• YOUR TASK: All the data should be repeated exactly. Any image in it is left out.

• INFORMATION SHOWN:

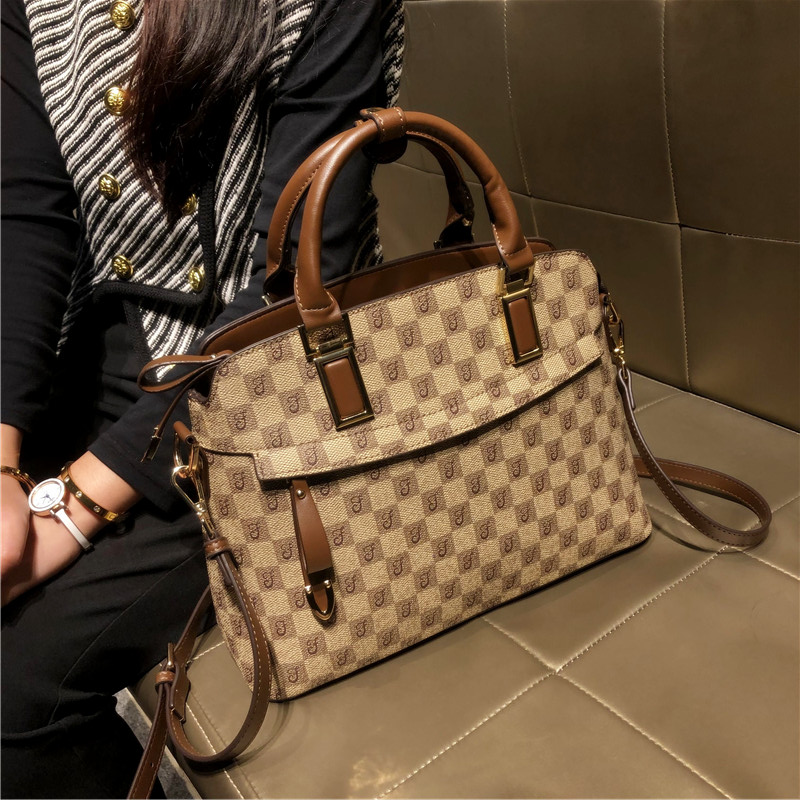 香港正品高级包包女2025新款大气斜跨女士手提真皮质感单肩贝壳包,淘宝优惠券,粉丝福利购,淘宝优惠卷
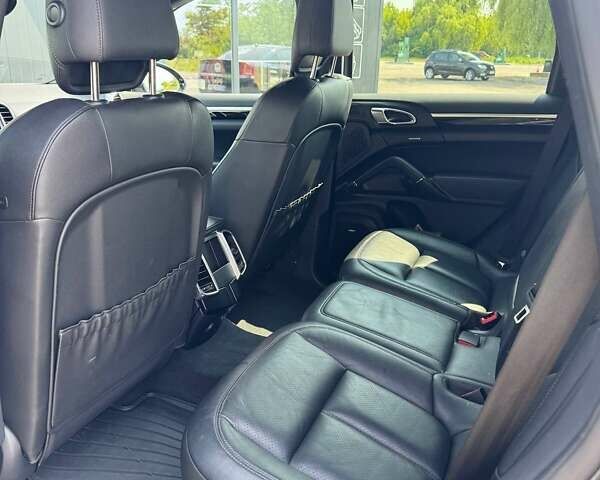 Чорний Порше Cayenne, об'ємом двигуна 2.97 л та пробігом 170 тис. км за 33500 $, фото 14 на Automoto.ua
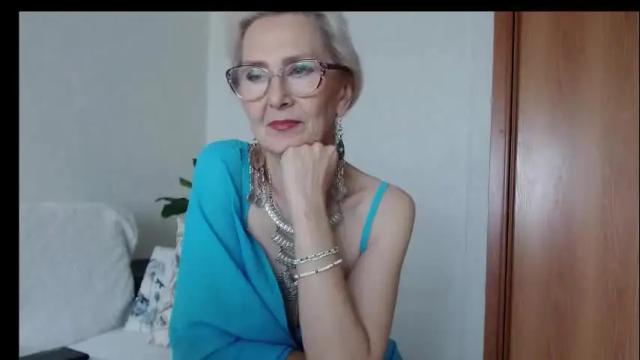 Image 6 of agatha_moore_ Stream on Chaturbate on 1 month ago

• RESULT OF THIS TASK:
 香港正品高级包包女2025新款大气斜跨女士手提真皮质感单肩贝壳包,淘宝优惠券,粉丝福利购,淘宝优惠卷
 Чорний Порше Cayenne, об'ємом двигуна 2.97 л та пробігом 170 тис. км за 33500 $, фото 14 на Automoto.ua
 Image 6 of agatha_moore_ Stream on Chaturbate on 1 month ago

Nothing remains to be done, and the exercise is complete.